L’ennesimo caso tra quelli già segnalati da Giovanni D’Agata, presidente dello “Sportello dei Diritti” che fa riesplodere la polemica su un fenomeno che riguarda la sicurezza dei voli: l’ubriachezza a bordo dei velivoli di linea. Sta diventando un  problema serio che merita la dovuta attenzione da parte delle autorità aereoportuali e quelle che regolamentano il traffico aereo e richiede misure urgenti per evitare che ci scappi la tragedia. Questa volta è successo addirittura ad un pilota della Japan Airlines, diretto a Tokyo che è stato arresto all’aeroporto di Londra Heathrow. Il pilota aveva bevuto 2 bottiglie di vino e 5 lattine di birra nell’arco di 6 ore, la sera prima del volo, superando di 10 volte il livello di alcool consentito dagli standard inglesi. Ad accorgersene è stato un autista che lo portava all’aeroporto: aveva fiutato un’eccessiva presenza di alcool nell’alito del pilota e per questo aveva deciso di avvertire le autorità aeroportuali.

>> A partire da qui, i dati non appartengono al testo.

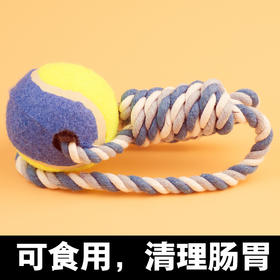 宠物狗狗玩具 棉绳甩甩球 颜色随机发 手提网球 耐咬训练洁齿  宠物用品批发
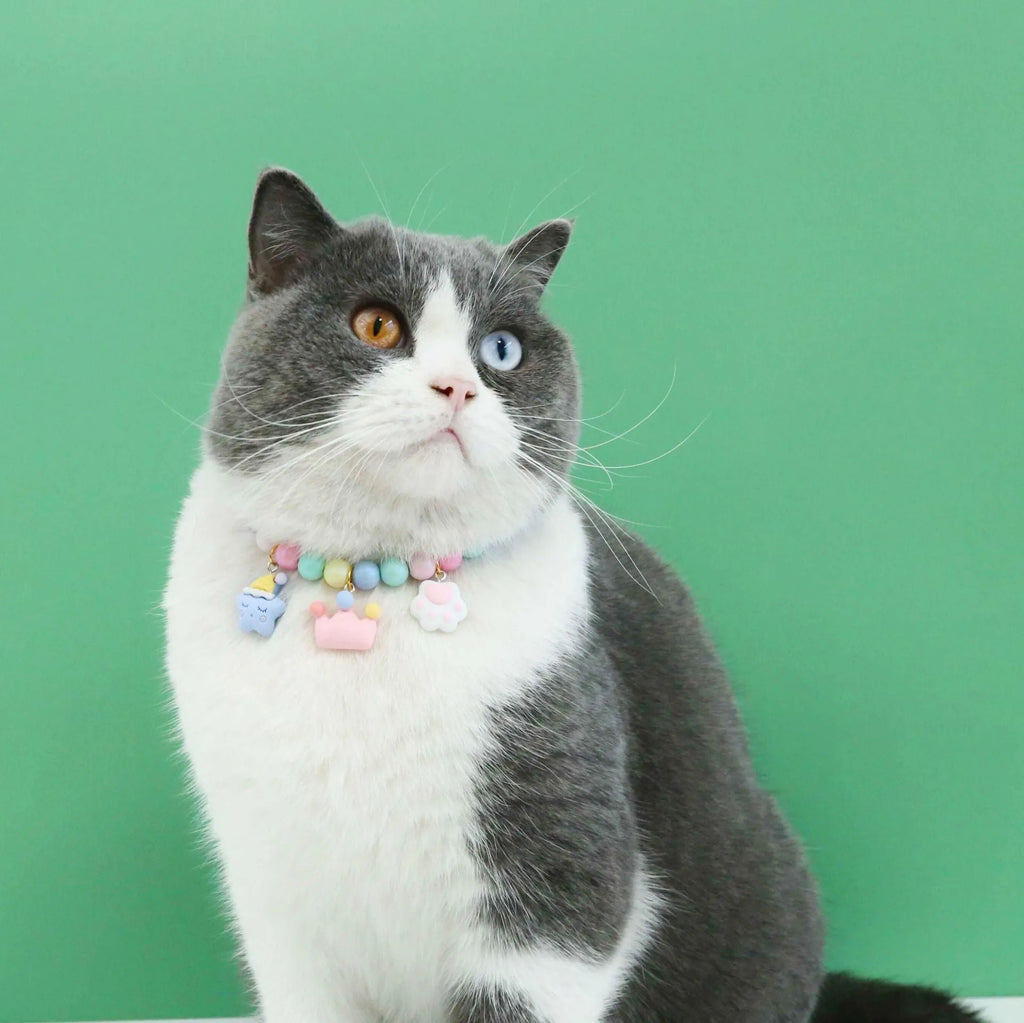 Macaron-colour resin collar and bracelet set for a small dog, showing the matching necklace.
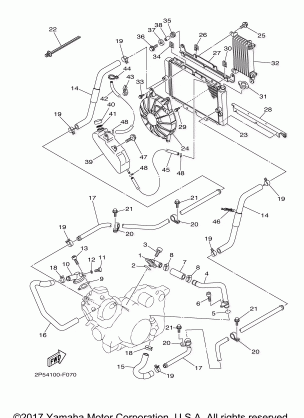 RADIATOR HOSE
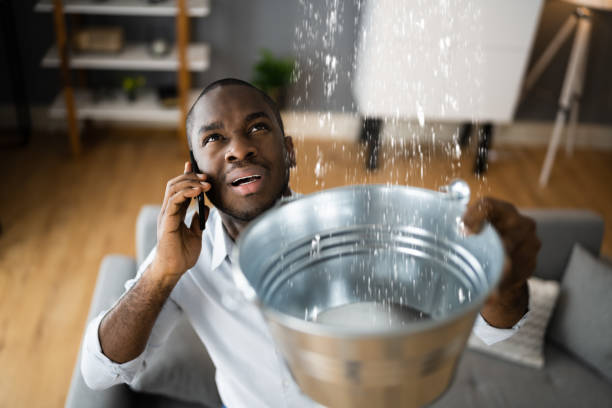 Best Local water damage restoration  in Bridgeport, WA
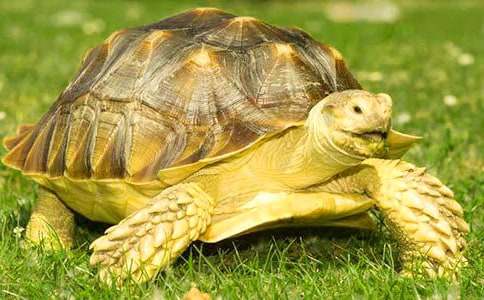 �P(gu��n)�ڞ���?sh��)����?15ƪ)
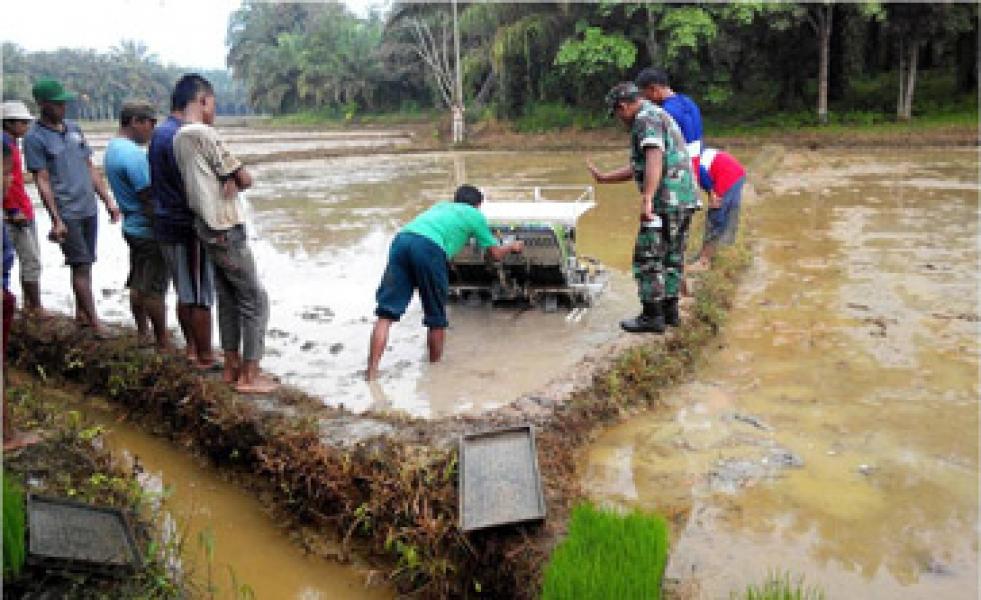 Babinsa Koramil 02 Rambah Apresiasi Petani Rambah Hilir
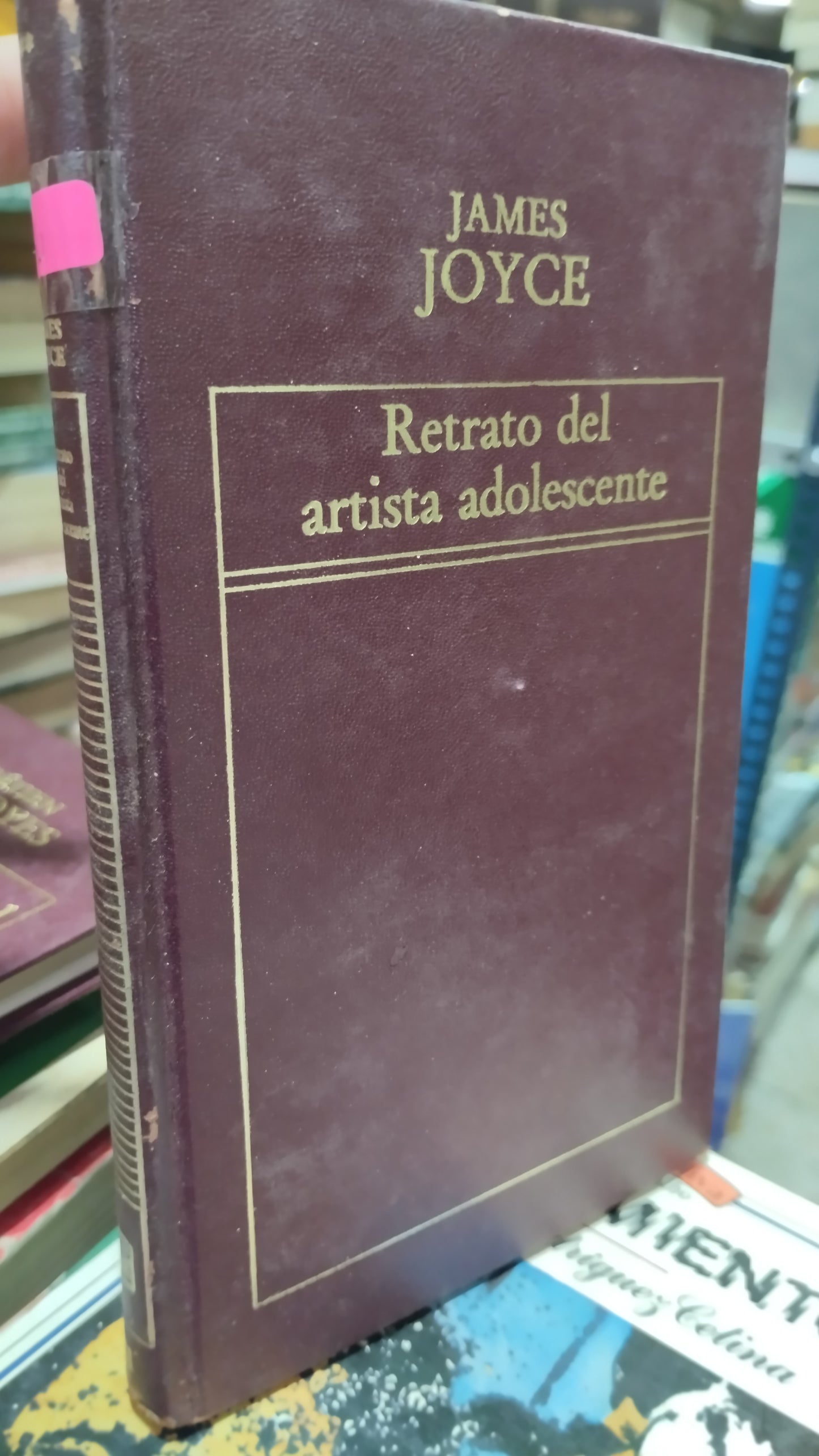RETRATO DEL ARISTA ADOLESCENTE POR JAMES JOYCE LIBRO USADO NOVELAS ALDAMA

Dopo un test alcolemico il 42 enne dipendente della compagnia aerea è stato messo in stato di fermo. Il volo Jal 44 che doveva partire alle 19 alla volta di Tokyo ha subito un ritardo di 1 ora e 10 minuti, potendo impiegare solo due piloti, anziché i tre a bordo che il regolamento prevede di norma per le tratte superiori alle 12 ore.

Il ministero dei Trasporti giapponese ha emesso una direttiva esortando i vettori a prendere misure adeguate sulla condotta dei propri dipendenti, e riferire al governo entro le fine del mese. A seguito dell’incidente la Jal ha deciso di aumentare a 24 ore prima del volo il divieto di consumare alcool, dalle precedenti 12 ore. La scorsa settimana, la All Nippon Airways (Ana) si era dovuta scusare per il ritardo causato a 5 voli in partenza dall’isola di Okinawa, dopo che un pilota aveva marcato visita all’ultimo momento, per via di una pesante ubriacatura andata avanti fino alle 10 di sera, non riuscendo a presentarsi in condizioni adeguate, davanti alla cloche, per il volo delle 8:10 del mattino.